> **ABOUT THIS TASK**
All lines from the one that contains "Lands End Yellow" through the close of the entries below are to be repeated exactly, without any pictures.

> **ENTRIES PROVIDED**

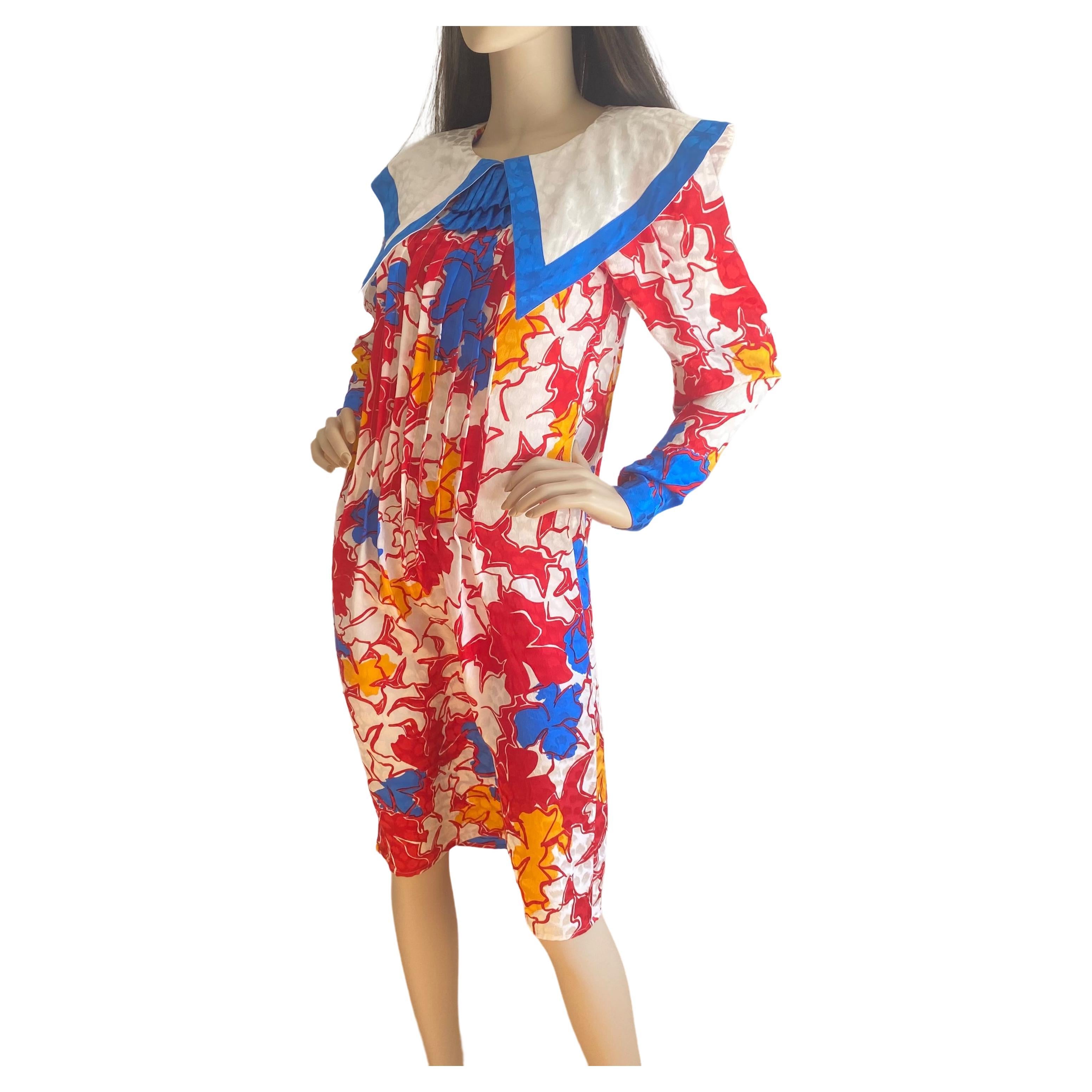 Vintage Flora Kung NWT Vibrant Silk Sailor Dress For Sale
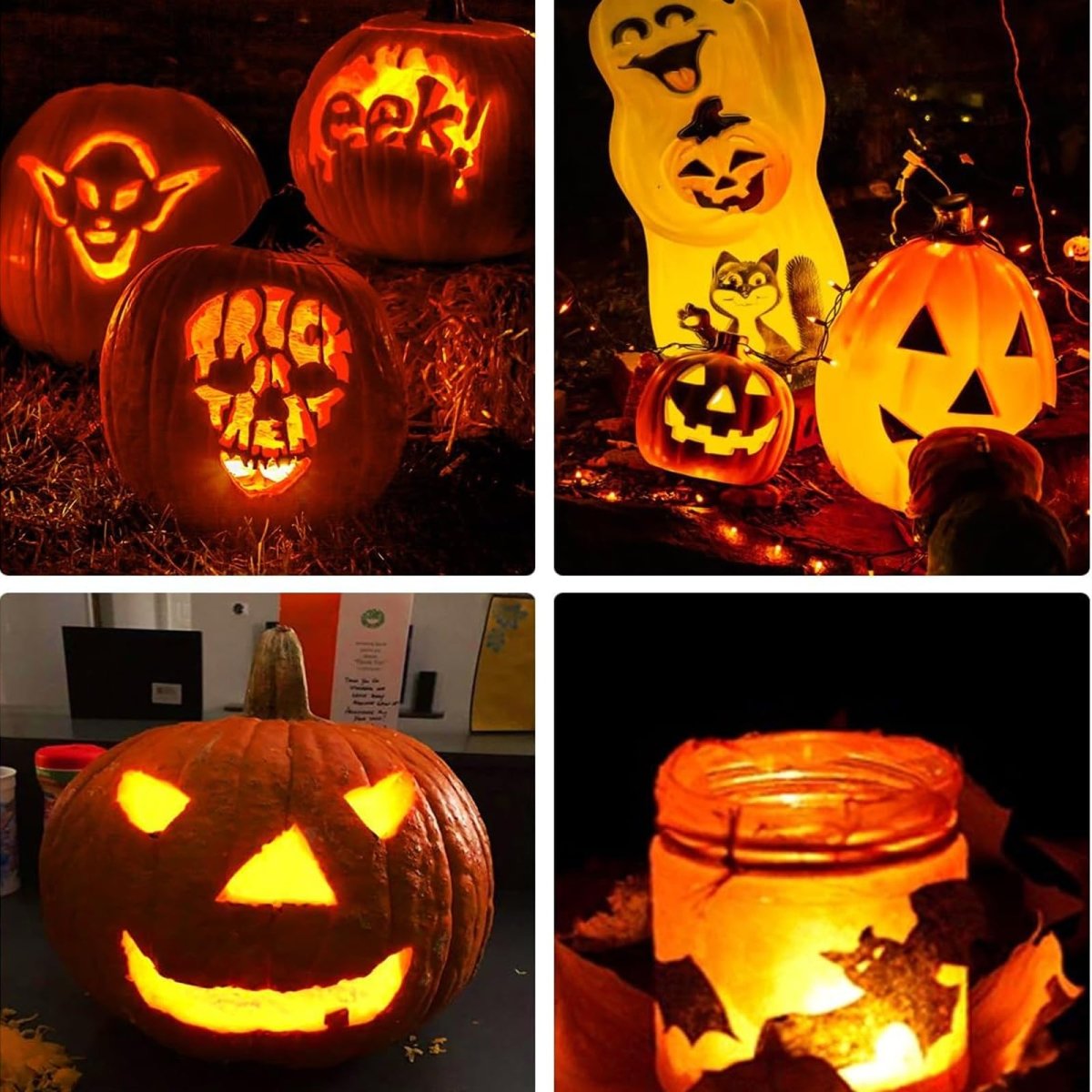 Halloween LED Pumpkin Lights - 2 - Pack with Remote Control & Timer, Battery - Operated Flameless RGB & Warm Orange Candles for Festive Decor - garden light - AIBOO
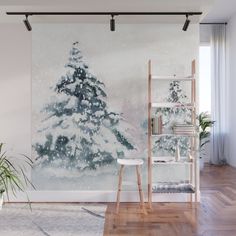 a wall mural with a christmas tree on it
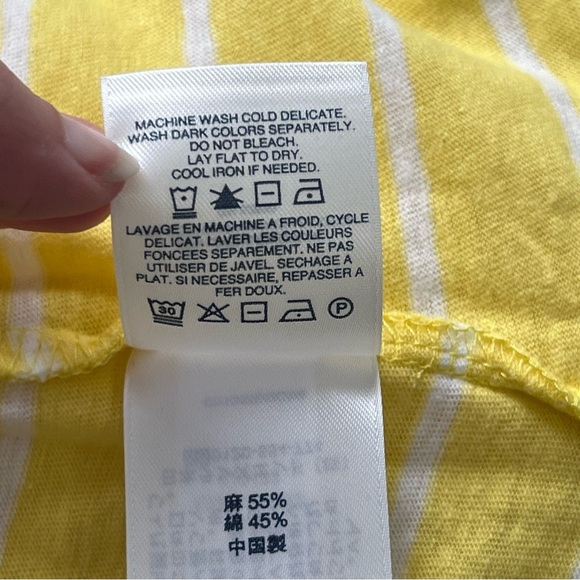 Lands End Yellow Striped Split Neck Polo Shirt Linen Blend Size Large Top 14/16 - Picture 9 of 11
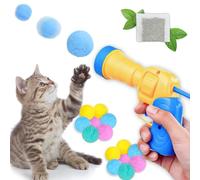 DEEMEIS Cat Interactive Toys,Toy Ball Launcher with 50pcs Soft Pom Pom Balls,Cat Fetch Toys for Indoor Exercise,Pet Chasing Training pompom gun,Fuzzy Ball Shooter for kitty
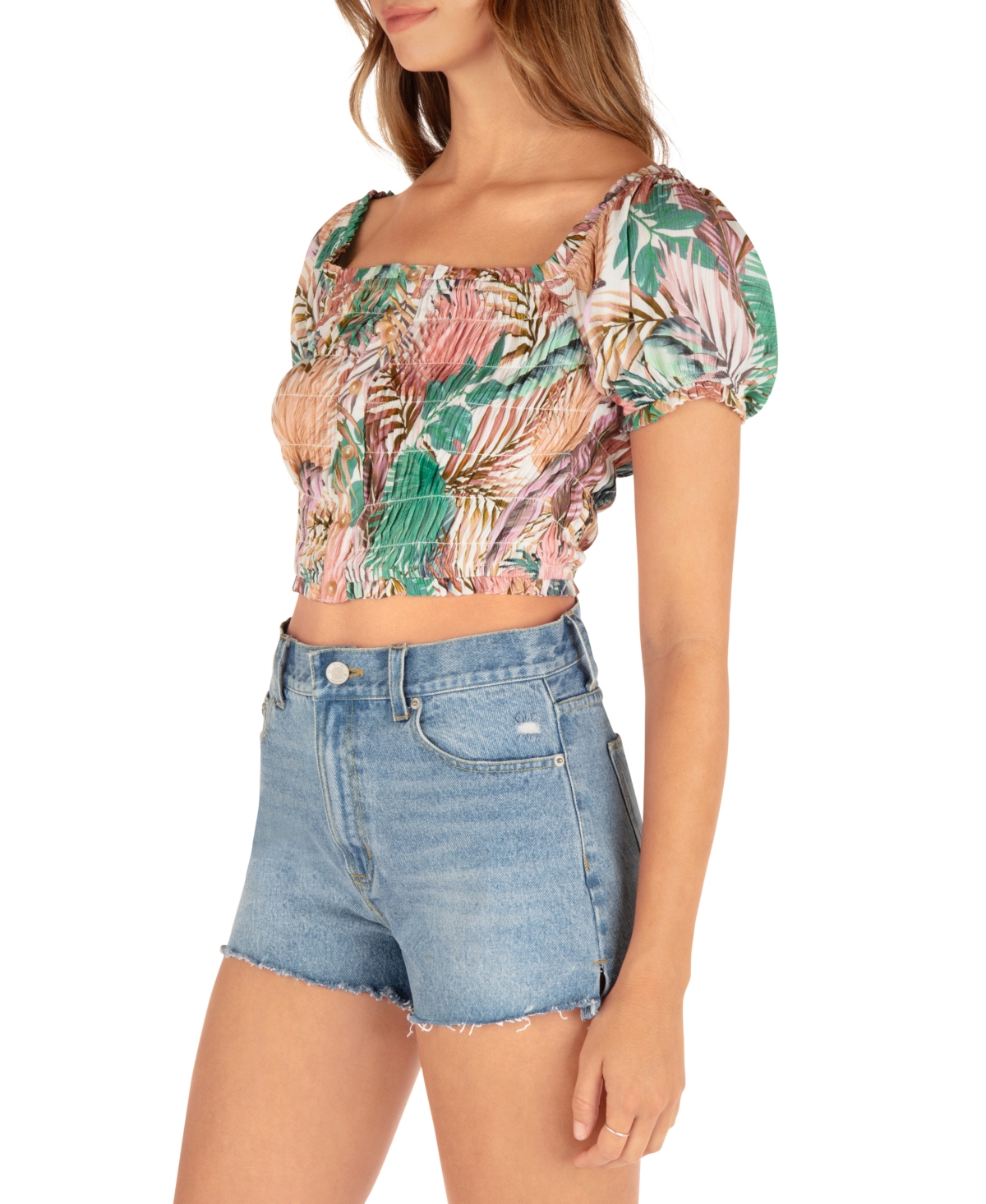 Hurley Juniors' Palmetto Sunset Smocked Crop Top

> **EXPECTED OUTPUT**
 Lands End Yellow Striped Split Neck Polo Shirt Linen Blend Size Large Top 14/16 - Picture 9 of 11
 DEEMEIS Cat Interactive Toys,Toy Ball Launcher with 50pcs Soft Pom Pom Balls,Cat Fetch Toys for Indoor Exercise,Pet Chasing Training pompom gun,Fuzzy Ball Shooter for kitty
 Hurley Juniors' Palmetto Sunset Smocked Crop Top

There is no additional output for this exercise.